As the guesthouses changed so did the food and shopping -- McDonalds, Burger King, Starbucks, Boots, 7-eleven, Asia Books, Coffee World sprung up like mushrooms in the wet season. The number of streetside bars exploded, today converted VW buses provide mobile drinking spots stocked with "60B super strong cocktails". Although you can still get fake student ID's and press cards, they're now a small portion of the market, pushed aside by throbbing pirated CD and DVD stalls.

And the internet cafes -- the biggest scrouge of all. Today you'll often see guesthouses replacing their common areas with computer terminals. The punters sit there, logged onto Lonely Planet, Rough Guides (or perhaps even Travelfish!) getting the hows, whats, wheres and whens to get to the next beach, mountain or river, when often they could just ask the person sitting next to them!

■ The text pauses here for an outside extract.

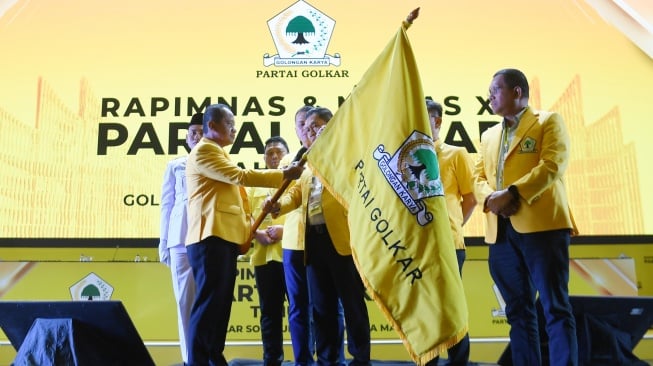 Ketua Umum Partai Golkar Bahlil Lahadalia (kiri) menerima bendera partai dari Pimpinan Munas Adies Kadir sebagai tanda pengangkatannya sebegai ketua umum saat Rapimnas dan Musyawarah Nasional XI Partai Golkar 2024 di Jakarta, Rabu (21/8/2024). [ANTARA FOTO/Akbar Nugroho Gumay/aww]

Luckily not everything is bad. If you're on a budget, you can still take the ten minute walk up to the National Library area, where small family-run operations such as the Sawatdee (opened for business in 1980!), Shanti Lodge, Tavee amongst others continue to trundle on. These places represent far better value than most of the options on Khao San Road. But if you really want to stay on Khao San Road and want to do so in an old style place, consider Prakorb's, Little Joe's or Di-O's, while if you're willing to spend more, Shambara remains our favourite. Further afield, don't forget the Soi Ngam Dulpi area where the guesthouses are within easy walking distance of the newly opened Bangkok subway.

About the author:
Stuart McDonald co-founded with Samantha Brown in 2004. He has lived in Thailand, Cambodia and Indonesia, where he worked as an under-paid, under-skilled language teacher, an embassy staffer, a newspaper web-site developer, freelancing and various other stuff. His favourite read is The Art of Travel by Alain de Botton.

Read 4 comment(s)

  • Hello and you only got their in the 1990 s in the 1980 s it was so plain and thai, then everything became all mixed up and prices changed and everything went to the standard formulas - chain resturants, chain hotels (sawasdee and such). It has lost a lot of it s charm but it only followed the wider big picture of the world losing its charm. At the end of the day it is what you make it but do not take Khao San for being Thai because it is globalized Thai/ Falang. The recommendations are as good as you can get but I myself have returned to another section of town pre- Khao San - Ngam Duphli might as well change and go back to somewhere that has actually less changed than Khao San. Best wishes,


    Posted by Pierre Lachance on 25th January, 2009

  • Khaosan is the street that greets backpackers and travelers from around the world....
    there are lots of places to stay
    I've stayed at a nice guesthouse at Khao-Sarn Rd.
    I got fish spa, Thai massage both!!
    free breakfast, wifi. Safety & Service Mind
    Price only ฿390!
    You can view more info at

    Posted by sunum on 18th August, 2010

  • Barn Thai Guesthouse is still open.

    However,the door is always closed for safety and security reason.
    The guest has to ring the bell as instruction beside the door.
    Then, the door will be opened.

    Next time when you visit Barn Thai please " Ring the Bell ".

    Posted by Jod Dul on 18th September, 2011

  • D&D all the way.. every time I go back I always promise myself to stay away from Khoasan.. Still I always go back!